Which of the following is the definition of fair value per IFRS 13?

a. The amount for which an asset could be exchanged, or a liability settled, between knowledgeable, willing parties in an arm’s length transaction
b. The price that would be received to sell an asset or paid to transfer a liability in an orderly transaction between market participants at the measurement date.
c. The price that would be received to sell an asset or paid to transfer a liability.
d. A transaction that assumes exposure to the market for a period before the measurement date to allow for marketing activities that are usual and customary for transactions involving such assets or liabilities; it is not a forced transaction (eg a forced liquidation or distress sale).

A

b. The price that would be received to sell an asset or paid to transfer a liability in an orderly transaction between market participants at the measurement date.

63
Q

Quoted prices (unadjusted) in active markets for identical assets or liabilities that the entity can access at the measurement date are an example of:

a. a Level 2 input
b. a Level 1 input
c. a Level 3 input
d. a Level 4 input

A

b. a Level 1 input

64
Q

Which of the following is an indication of an active market?

a. there are few recent transactions
b. price quotations vary substantially over time
c. price quotations vary substantially among market-makers
d. price quotations are based on current market information.

A

d. price quotations are based on current market information.

65
Q

Which of the following does Whittington (2008) see as a main feature of the fair value view?

a. Stewardship, defined as accountability to present shareholders, is a distinct objective, ranking equally with decision usefulness.
b. Reliability is less important and is better replaced by representational faithfulness, which implies a greater concern for capturing economic substance, and less with statistical accuracy.
c. Present shareholders of the holding company have a special status as users of financial statements.
d. Future cash flows may be endogenous: feedback from shareholders and markets in response to accounting reports may influence management decisions.

A

b. Reliability is less important and is better replaced by representational faithfulness, which implies a greater concern for capturing economic substance, and less with statistical accuracy.

66
Q

Which of the following is not an example of a level 2 input?
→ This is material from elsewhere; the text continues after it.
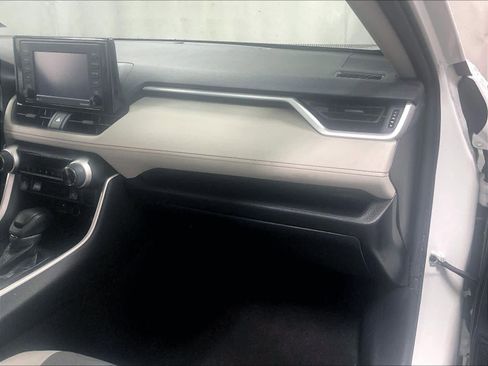 Used 2021 Toyota RAV4 XLE w/ Convenience Package image 13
a. a financial forecast of cash flow or earnings
b. quoted prices for identical or similar assets or liabilities in markets that are not active
c. inputs other than quoted prices that are observable for the asset or liability, such as interest rates and yield curves, volatilities, prepayment speeds, and credit risks
d. inputs that are derived from or corroborated by observable market data by correlation or other means.

A

a. a financial forecast of cash flow or earnings

67
Q

Unobservable inputs for the asset or liability are an example of:

a. a Level 1 input
b. a Level 2 input
c. a Level 3 input
d. a Level 4 input

A

c. a Level 3 input

68
Q

Valuation techniques that convert future amounts to a single current amount and determines the fair value on the basis of the value indicated by current market expectations about those future amounts is an example of:

a. the fair value approach
b. the income approach
c. the cost approach
d. the market approach

A

b. the income approach

69
Q

An entity holding both financial assets and liabilities is allowed to offset and determine fair value on the net position as long as:

I they hold a net long position

II they hold a net short position

III they have a documented risk management strategy

IV they manage the group of net financial assets and liabilities on a net exposure basis

V transactions are conducted in an orderly market

a. I and III
b. II and IV
c. III and IV
d. II and V

A

c. III and IV

70
Q

Which of the following is the definition of exit price per IFRS 13?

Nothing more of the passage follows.